* [PROBLEM REQUIREMENTS] Write out the material below exactly, with no line missing.

INFORMATION SHOWN section start

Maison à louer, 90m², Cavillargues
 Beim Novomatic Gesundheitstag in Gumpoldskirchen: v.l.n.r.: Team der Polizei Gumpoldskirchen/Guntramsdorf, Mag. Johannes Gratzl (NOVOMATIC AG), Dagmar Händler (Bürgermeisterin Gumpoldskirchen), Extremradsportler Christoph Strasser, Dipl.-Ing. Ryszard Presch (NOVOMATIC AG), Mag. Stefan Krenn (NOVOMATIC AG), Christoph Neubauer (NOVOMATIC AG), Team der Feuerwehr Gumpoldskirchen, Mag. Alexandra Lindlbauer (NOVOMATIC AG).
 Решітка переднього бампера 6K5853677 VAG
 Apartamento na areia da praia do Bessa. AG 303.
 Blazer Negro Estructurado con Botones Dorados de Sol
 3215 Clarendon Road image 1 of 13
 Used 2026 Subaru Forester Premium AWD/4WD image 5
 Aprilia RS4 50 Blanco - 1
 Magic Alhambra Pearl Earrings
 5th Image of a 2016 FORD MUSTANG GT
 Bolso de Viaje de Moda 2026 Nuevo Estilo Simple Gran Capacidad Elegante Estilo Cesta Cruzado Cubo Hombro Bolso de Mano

INFORMATION SHOWN section end

* [YOUR SOLUTION]
Maison à louer, 90m², Cavillargues
 Beim Novomatic Gesundheitstag in Gumpoldskirchen: v.l.n.r.: Team der Polizei Gumpoldskirchen/Guntramsdorf, Mag. Johannes Gratzl (NOVOMATIC AG), Dagmar Händler (Bürgermeisterin Gumpoldskirchen), Extremradsportler Christoph Strasser, Dipl.-Ing. Ryszard Presch (NOVOMATIC AG), Mag. Stefan Krenn (NOVOMATIC AG), Christoph Neubauer (NOVOMATIC AG), Team der Feuerwehr Gumpoldskirchen, Mag. Alexandra Lindlbauer (NOVOMATIC AG).
 Решітка переднього бампера 6K5853677 VAG
 Apartamento na areia da praia do Bessa. AG 303.
 Blazer Negro Estructurado con Botones Dorados de Sol
 3215 Clarendon Road image 1 of 13
 Used 2026 Subaru Forester Premium AWD/4WD image 5
 Aprilia RS4 50 Blanco - 1
 Magic Alhambra Pearl Earrings
 5th Image of a 2016 FORD MUSTANG GT
 Bolso de Viaje de Moda 2026 Nuevo Estilo Simple Gran Capacidad Elegante Estilo Cesta Cruzado Cubo Hombro Bolso de Mano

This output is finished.